Di Jakarta, Ibrahim melanjutkan sekolahnya hingga masuk Universitas Indonesia (UI), namun ia tidak bisa menyelesaikan belajarnya, pasalnya saat kuliah ia harus memenuhi nafkah untuk istrinya bernama Sa'adah. Bahkan ketika kelahiran anak pertamanya, ia harus menjual sepedanya untuk proses kelahiran sang anak.

Dengan ketekunan Ibrahim mencoba dagang beras di pasar. Tahun demi tahun usahanya berkembang pesat, hingga ia berhasil memborong cengkeh di Ambon untuk dijual kembali ke Jakarta. Bahkan ia berhasil menjalankan bisnis properti, hingga ia memiliki hektaran tanah, baik di Jakarta, Subang, Ambon, Lampung, Malaysia dan Singapura.
Bab tiga bertema sejengkal tanah untuk generasi.
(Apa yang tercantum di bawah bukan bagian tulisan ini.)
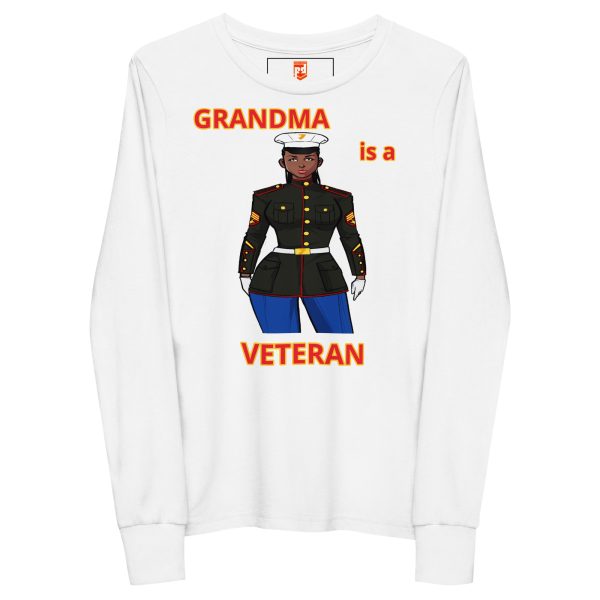 GRANDMA IS A VETERAN TOO FOWER Youth Long Sleeve Tee - Image 5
Dalam bab ini penulis paparkan bukti dari hasil kerjanya selama ini, di antaranya adalah kepemilikan kontrakan eks-patriat di Jakarta, tempat kos-kosan di Jakarta, hotel di Subang, apartemen di Anyer dan tanah yang diwakafkan untuk pembangunan pondok modern Gontor 9 di Lampung dan selainnya.
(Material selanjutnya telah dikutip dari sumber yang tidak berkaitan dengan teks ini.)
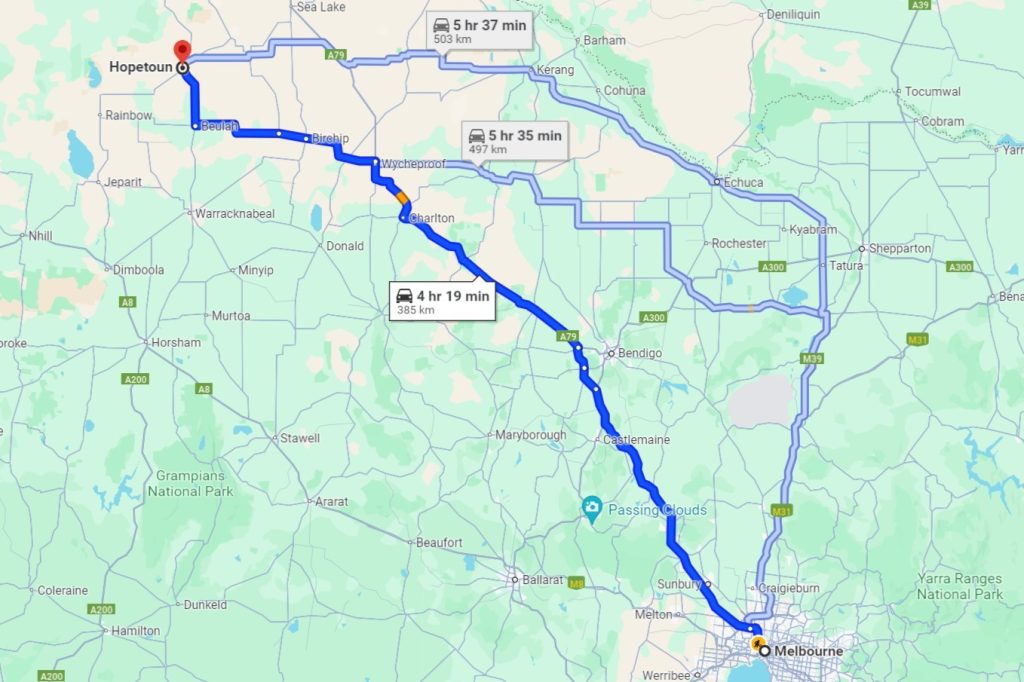 A map showing a road trip route from Melbourne to Hopetoun, Victoria, with a driving time of 4 hours and 19 minutes over 385 kilometers. Two alternate routes are also displayed with longer travel times.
Bab empat, bertema dari keluarga untuk umat. Pada bab ini penulis uraikan bentuk pengabdian Ibrahim di bidang sosial keagamaan. Misalnya, ia pernah menjadi Ketua Kelompok Kerja (Pokja) penyelesaian konflik di Ambon, membantu pembangunan masjid di daerah Ambon, mendirikan masjid megah di Ciater, membangun tahfidzil Qur'an gratis, taman kanak-kanak gratis. Bahkan Ibrahim telah menyiapkan makam khusus untuk dirinya dan istrinya di samping masjid As-Sa'adah.
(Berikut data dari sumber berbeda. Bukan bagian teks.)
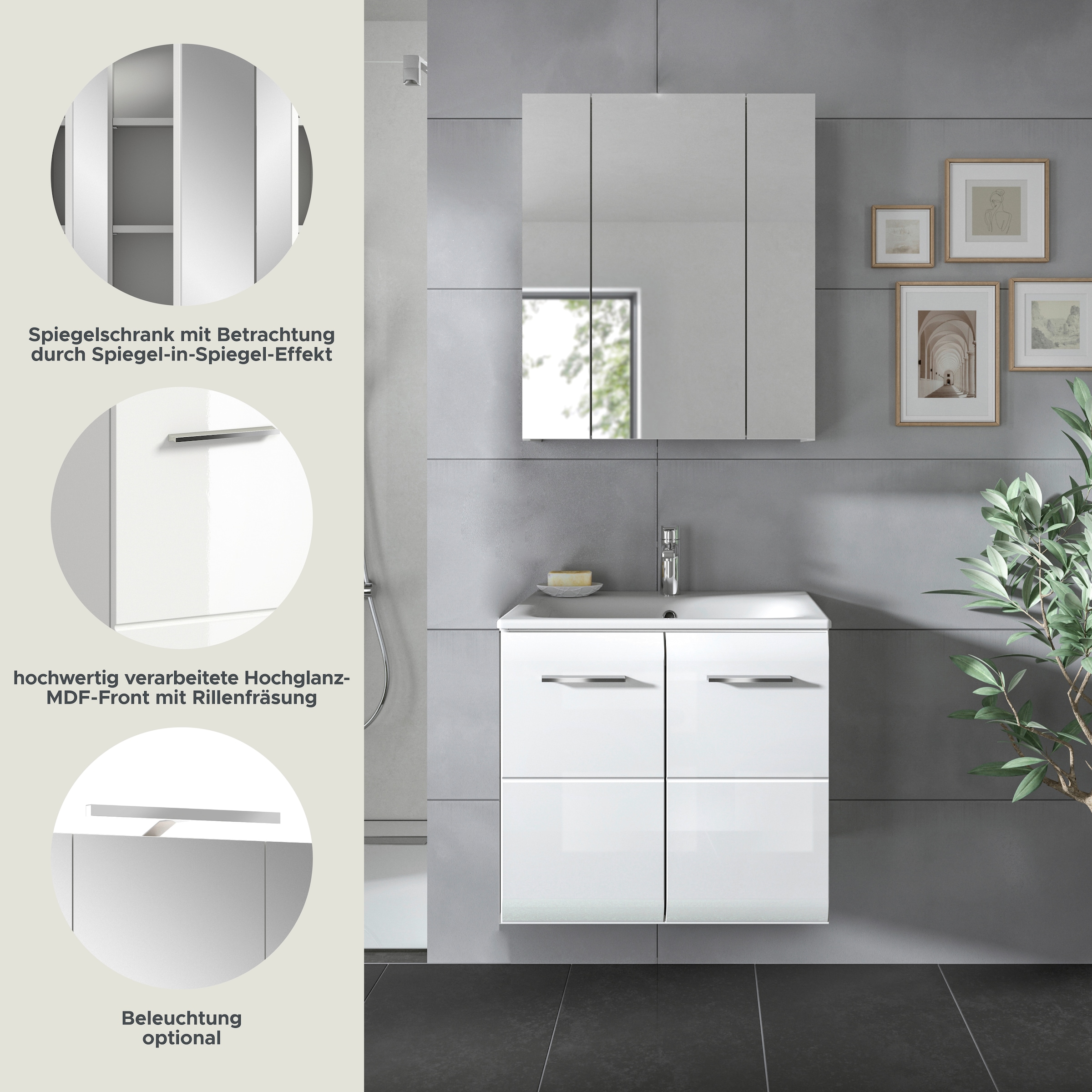 INOSIGN Badezimmer-Set, (Set, 3 St.), Florenz, Badkombination 3-tlg., Weiß Hochglanz, inkl. Waschbecken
Bab kelima, penulis sajikan beberapa komentar dari sebagian keluarga Ibrahim. Sedangkan pada bab enam, dipaparkan komentar dari beberapa teman dekat Ibrahim.
Sebuah biografi tentulah berupa penuturan. Penulis mencoba menyajikan dengan sederhana, hal ini sesuai dengan harapan Ibrahim agar seluruh bentuk dan uraian ceritanya diungkapkan apa adanya. “Dek Fathur, tolong nulisnya yang biasa saja, tidak usah dilebih-lebihkan, apa adanya,” tuturnya.

Penulis mengucapkan terima kasih kepada H Ibrahim Soelaiman telah memberikan kepercayaan untuk menulis buku Biografi ini. Jujur saja, ini merupakan pengalaman pertama penulis menulis buku Biografi dan digarap sendirian.
Tentang judul buku ini, “Dari Keluarga Untuk Umat” sengaja penulis pilih, karena sesuai dengan motto yang ia pegang selama ini. Hal ini terlihat dari kiprah dan perjuangannya dalam syiar Islam selama ini, semua dilakukan dari dana keluarga sendiri.

Terima kasih kepada keluarga dan para sahabatnya yang telah sudi mengisi bagian dari buku ini. Kepada Dr KH Abdullah Syukri Zarkasyi, MA (pimpinan pondok modern Gontor), Ust Muhammad Arifin Ilham (pimpinan majelis ad-Dzikra), Letjen TNI (Purn) Suaidi Marasabessy, SIP (Mantan Kepala Staf Umum Tentara Nasional Indonesia), Muhammad Noeh Hatumena (Pengurus Pusat Persatuan Wartawan Indonesia), Mahladi selaku editor buku ini dan masih banyak lagi yang tak tertulis di buku ini.

Terima kasih juga kepada istri penulis, Puji Astutik, yang terus memberikan dukungan kepada penulis dan membantu dalam pengetikan buku ini.

Semoga Allah SWT, memberikan rahmat, hidayah dan maunah-Nya kepada kita, Amin ya Rabbal 'Alamien.